Standards Working Group Meeting 5
Published on: 4 March 2026
Categories: Working Group
Summary
The fith working group meeting provided an update on the development of the data model and workshopped data access requirements, to inform the design of an API (APIs are computer to computer messaging services) and started to consider the pros and cons of opportunity data being published as open data (Open data is data that anyone can access, use or share).
MINUTES: Volunteering Data Standards Working Group 5 04 March 2026
Documents:
Agenda
Attendee profile
The working group was attended by 20 people, including 3 members of the ODI project team (Andrew, Julie and Matthieu).
There was representation from a range of organisation types, including:
- Volunteering Involving Organisations (National)
- Volunteering Infrastructure Organisation (National)
- Volunteering Infrastructure Organisation (Local)
- Local Gov.
- General Gov.
- Consultancy/Advisory
Welcome and Project Overview
Andrew Newman (chair) presented an overview of the project and the role of the standards working group, explaining that the Volunteering Data Standards Project is DCMS-funded and is a fast-tracked initiative designed to bridge the data infrastructure gap between communities and available volunteering opportunities.
The project follows a standard three-stage development cycle:
- Discovery: Identified seven key use cases focused on increasing participation, improving volunteer experiences, and evidencing impact.
- Alpha: Developed a formal data standard for volunteering opportunities and the technical infrastructure to support it.
- Beta (Current): Moving into real-world implementation through three specific pilots.
The Three Beta Pilots
- National Interoperability: Partnering with major stakeholders to ensure data can be shared seamlessly across large platforms.
- Grassroots Inclusion: Testing the standards to ensure they are accessible and functional for smaller, local organisations.
- AI Readiness: Developing an agentic search bot to test how standardised data can power AI-driven opportunity searches.
Timeline & Next Steps
The project is currently working toward a March deadline to complete the pilot phases. While the AI and grassroots pilots are on track for significant progress. Findings will be shared in future working group meetings to determine the project’s long-term trajectory.
Data Model Update
This phase of the volunteering data standards project focuses on refining the core data model and expanding its functionality.
Matthieu presented an overview of the Volunteering Standards website https://standard.volunteeringdata.io/ontology/
The refactored data model includes core elements such as an activity with a title, description, organisation link, and session details. Explaining that the significant new elements are the introduction of a Role concept, which accommodates different requirements linked to the existing requirement taxonomy, and the addition of Skills, which uses a taxonomy iterated during a December hackathon.
Discussion and questions
Q: Are we covering the Volunteer Application as well in the Data Model? A: A discussion confirmed that the current data model represents volunteer applications through an apply link property available for each Role. The model focuses primarily on opportunities data, and while it supports both internal and external application mechanisms, it has not defined the specific data that must be contained within an application.

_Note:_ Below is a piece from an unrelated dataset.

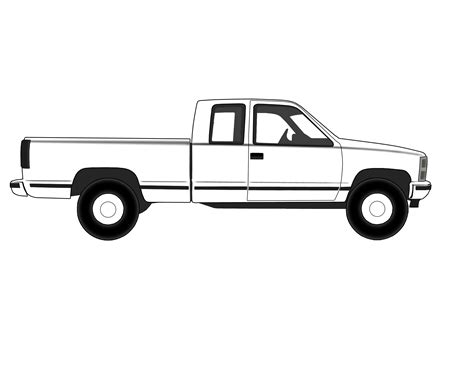 Chevy Pickup Truck Coloring Pages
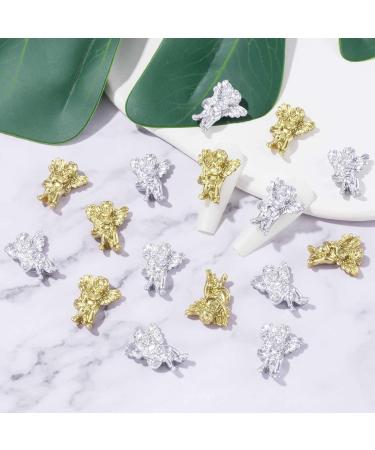 PAGOW 100PCS Baroque Angel Baby Nail Charms - 3D Embossed Nail Art Accessories for Women Manicure DIY - Buy Online on GoSupps.com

Q: What user research will be done for the data values? Organisations have been mentioned, have volunteers been considered? A: Andrew explained that the working group of experts had been used for initial rapid development, including a workshop on accessibility, but acknowledged that they have not yet tested the model’s descriptive values with actual end-users for interpretation.
The group agreed that taking the data model back to end-users would be valuable for future development. Standards are viewed as a continuously evolving process rather than a final product, and further user testing would benefit the development of taxonomies that define the language of volunteering.
Describing the value of volunteering
The conversation shifted to the enduring question of how to help organisations understand and demonstrate the value of volunteering. Initial discovery research identified eight use cases for data in the voluntary sector, including a category focused on evidencing impact, which requires standardised approaches for management decisions and reporting to donors.
The chair introduced a typology for value in the not-for-profit sector developed by Dr Amy Bernett from Middlesex University (a Steering Group Member). The typology aims to provide a basis for standardised reporting on the value of community services and volunteering. The typology includes nine broad categories of value, such as monetary value, recognition, appreciative value, impact on various capitals (social, human, infrastructure, environmental), and personal value.
The next activity was a “Miro” Exercise to explore value, organised around four core questions: challenges in proving value, questions organisations aim to answer about value, necessary data points, and prioritisation of data collection. Participants were divided into three breakout rooms, with an ODI representative in each, to discuss and interact with the Miro board on the topics for 20 minutes, spending five minutes on each of the four areas.
Next Steps
Meeting 6 (18/03/26)
- This will be a retrospective. We will present the work of the working group and our achievements, and seek your views on what went well, what didn't go well, and your ideas for the future.